I received the YuXin 5x5 today and did a first solve. Holy crap. This may be a MoYu killer. It's gonna take some time to do a full evaluation but first impressions are impressive.


----------



## ~Adam~ (Sep 15, 2015)

A great cube for a great price.

Still far from perfect but the new MoYu cube will have to be excellent to justify a very high price now.


----------



## TraciAG (Sep 16, 2015)

Got my PB single right outta the box with this one! liking it so far


----------



## CyanSandwich (Sep 16, 2015)

I like it. I've beaten my single, ao5 and ao12 by about 12 seconds each.


----------



## TCKyewbs (Sep 16, 2015)

With all this great feedback I may have to invest in one. How are the lockups though? I've have pretty bad experiences with locking on my modded shengshou that result in pops.


----------



## willtri4 (Sep 16, 2015)

TCKyewbs said:


> With all this great feedback I may have to invest in one. How are the lockups though? I've have pretty bad experiences with locking on my modded shengshou that result in pops.

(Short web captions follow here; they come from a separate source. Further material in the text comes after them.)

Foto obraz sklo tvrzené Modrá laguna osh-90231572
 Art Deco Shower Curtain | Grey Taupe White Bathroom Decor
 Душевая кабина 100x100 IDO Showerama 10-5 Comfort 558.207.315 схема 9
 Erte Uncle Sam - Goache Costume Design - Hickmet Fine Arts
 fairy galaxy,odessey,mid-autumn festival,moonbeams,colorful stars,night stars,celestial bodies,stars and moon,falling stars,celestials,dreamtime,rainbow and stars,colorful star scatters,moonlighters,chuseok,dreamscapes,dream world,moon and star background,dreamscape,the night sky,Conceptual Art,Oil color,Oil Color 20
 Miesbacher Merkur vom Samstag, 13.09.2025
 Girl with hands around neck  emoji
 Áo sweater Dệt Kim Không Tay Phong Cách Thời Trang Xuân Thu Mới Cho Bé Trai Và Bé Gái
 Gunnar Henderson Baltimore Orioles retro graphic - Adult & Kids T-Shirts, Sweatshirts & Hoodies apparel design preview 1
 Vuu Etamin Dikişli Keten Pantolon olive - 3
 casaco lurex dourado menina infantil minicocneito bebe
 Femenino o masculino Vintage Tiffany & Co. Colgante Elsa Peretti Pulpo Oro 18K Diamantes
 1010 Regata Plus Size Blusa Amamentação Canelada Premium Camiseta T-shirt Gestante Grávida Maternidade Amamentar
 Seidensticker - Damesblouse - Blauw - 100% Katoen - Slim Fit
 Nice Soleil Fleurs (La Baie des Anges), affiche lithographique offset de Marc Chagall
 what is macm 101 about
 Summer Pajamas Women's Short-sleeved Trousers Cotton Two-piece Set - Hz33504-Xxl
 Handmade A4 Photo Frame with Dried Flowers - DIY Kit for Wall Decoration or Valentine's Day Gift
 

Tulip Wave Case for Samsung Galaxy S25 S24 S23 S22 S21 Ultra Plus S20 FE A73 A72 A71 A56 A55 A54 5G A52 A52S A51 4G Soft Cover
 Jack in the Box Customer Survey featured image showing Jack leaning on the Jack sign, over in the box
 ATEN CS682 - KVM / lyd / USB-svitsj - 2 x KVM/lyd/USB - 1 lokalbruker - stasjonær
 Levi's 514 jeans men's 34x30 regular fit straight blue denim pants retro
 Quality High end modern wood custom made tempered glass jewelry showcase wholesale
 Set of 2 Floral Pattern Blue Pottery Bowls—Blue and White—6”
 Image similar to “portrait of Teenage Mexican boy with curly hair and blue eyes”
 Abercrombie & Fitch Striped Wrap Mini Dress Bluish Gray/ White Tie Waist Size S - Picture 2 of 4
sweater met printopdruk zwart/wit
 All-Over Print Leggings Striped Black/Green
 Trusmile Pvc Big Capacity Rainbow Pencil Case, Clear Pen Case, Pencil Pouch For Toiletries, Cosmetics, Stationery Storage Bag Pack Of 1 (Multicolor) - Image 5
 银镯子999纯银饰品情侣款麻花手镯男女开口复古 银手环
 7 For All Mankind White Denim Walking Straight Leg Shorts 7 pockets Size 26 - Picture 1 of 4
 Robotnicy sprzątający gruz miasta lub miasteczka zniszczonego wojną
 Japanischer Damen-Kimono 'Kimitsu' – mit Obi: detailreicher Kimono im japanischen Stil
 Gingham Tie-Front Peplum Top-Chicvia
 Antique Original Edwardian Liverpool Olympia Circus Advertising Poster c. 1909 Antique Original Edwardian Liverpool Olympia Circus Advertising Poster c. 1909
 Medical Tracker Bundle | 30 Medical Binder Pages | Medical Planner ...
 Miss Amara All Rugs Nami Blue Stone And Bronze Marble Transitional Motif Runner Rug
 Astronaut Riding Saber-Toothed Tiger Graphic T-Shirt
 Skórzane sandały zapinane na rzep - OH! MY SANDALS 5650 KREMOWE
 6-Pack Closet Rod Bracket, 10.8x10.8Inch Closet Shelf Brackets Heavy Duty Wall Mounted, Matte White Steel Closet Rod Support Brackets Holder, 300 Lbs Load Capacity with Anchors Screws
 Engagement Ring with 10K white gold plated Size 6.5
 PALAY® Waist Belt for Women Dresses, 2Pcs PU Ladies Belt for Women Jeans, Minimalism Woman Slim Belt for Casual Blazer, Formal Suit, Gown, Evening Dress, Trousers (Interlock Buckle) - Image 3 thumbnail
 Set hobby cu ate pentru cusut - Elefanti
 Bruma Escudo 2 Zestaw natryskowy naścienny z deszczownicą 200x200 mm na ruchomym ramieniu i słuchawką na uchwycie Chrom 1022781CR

It'll lock up if you're inaccurate, but on good tensions, they resolve very easily. And it definitely won't pop.


----------



## PeelingStickers (Sep 18, 2015)

Just from out of the box impressions:

- Box is kewl
- Extremely smooth, smoother than any other 5x5
- Turning is outstanding on all layers
- Turns faster than the Aochuang, slightly slower than the shengshou and CB
- Less catches than the CB or Moyu 5x5's
- Still has the classic "5x5 lock-up" however will NOT pop
- Very hard to disassemble
- Outer layers make 3x3 really good, although I still prefer my shengshou for this
- corner cutting is average, not as good as my shengshou or Aochuang, better than the CB
- Centres are really good, locks up far less than on my shengshou
- Edge recognition is somewhat difficult, probably because it's a new cube and needs my preferred stickers
- If you have the cubic Aofu, it feels very similiar to that
- The layers do "slide" and misalign by themselves a little during solves, nothing major and definitely not as bad as on the CB/aochuang
- Overall, extremely impressed. Better than the CB, moyu 5x5's and an unmodded/unbroken-in shengshou
- Slightly prefer my modded Shengshou personally, however that may change after a couple hundred solves and tensioning/lubing/restickering

The fact that it is so cheap also makes this a MUST-BUY for 5x5 lovers out there.


----------



## dboeren (Sep 22, 2015)

I've been trying to decide between a Cyclone Boys or Yuxin 5x5, I think I will go with the Yuxin.


----------